What needs to be done –
Please show all lines of the records that include "Effects".

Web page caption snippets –
-- Opening Marker --
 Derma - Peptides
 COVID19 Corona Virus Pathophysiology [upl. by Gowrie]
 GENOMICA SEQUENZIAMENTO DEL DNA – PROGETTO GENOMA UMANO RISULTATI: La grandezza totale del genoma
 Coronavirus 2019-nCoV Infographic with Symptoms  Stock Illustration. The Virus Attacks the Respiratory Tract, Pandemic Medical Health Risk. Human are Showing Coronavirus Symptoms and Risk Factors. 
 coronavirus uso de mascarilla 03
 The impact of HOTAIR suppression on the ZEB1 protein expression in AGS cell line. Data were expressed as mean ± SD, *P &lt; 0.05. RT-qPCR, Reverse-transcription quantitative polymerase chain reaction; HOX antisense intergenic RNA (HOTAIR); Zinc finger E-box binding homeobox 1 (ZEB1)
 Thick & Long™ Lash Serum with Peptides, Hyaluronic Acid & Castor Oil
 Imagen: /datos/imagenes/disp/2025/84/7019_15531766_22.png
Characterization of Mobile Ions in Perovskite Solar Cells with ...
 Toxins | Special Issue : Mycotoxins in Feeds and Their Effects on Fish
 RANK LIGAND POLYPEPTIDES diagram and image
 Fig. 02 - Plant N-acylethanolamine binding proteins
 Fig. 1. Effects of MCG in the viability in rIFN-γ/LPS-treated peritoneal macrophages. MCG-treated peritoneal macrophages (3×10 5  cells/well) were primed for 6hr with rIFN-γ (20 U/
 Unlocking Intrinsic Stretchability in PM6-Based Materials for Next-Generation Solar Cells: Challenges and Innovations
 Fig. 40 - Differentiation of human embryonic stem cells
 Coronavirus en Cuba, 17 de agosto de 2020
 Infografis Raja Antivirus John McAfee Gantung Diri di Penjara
-- Closing Marker --
Exercise output –
 Toxins | Special Issue : Mycotoxins in Feeds and Their Effects on Fish
 Fig. 1. Effects of MCG in the viability in rIFN-γ/LPS-treated peritoneal macrophages. MCG-treated peritoneal macrophages (3×10 5  cells/well) were primed for 6hr with rIFN-γ (20 U/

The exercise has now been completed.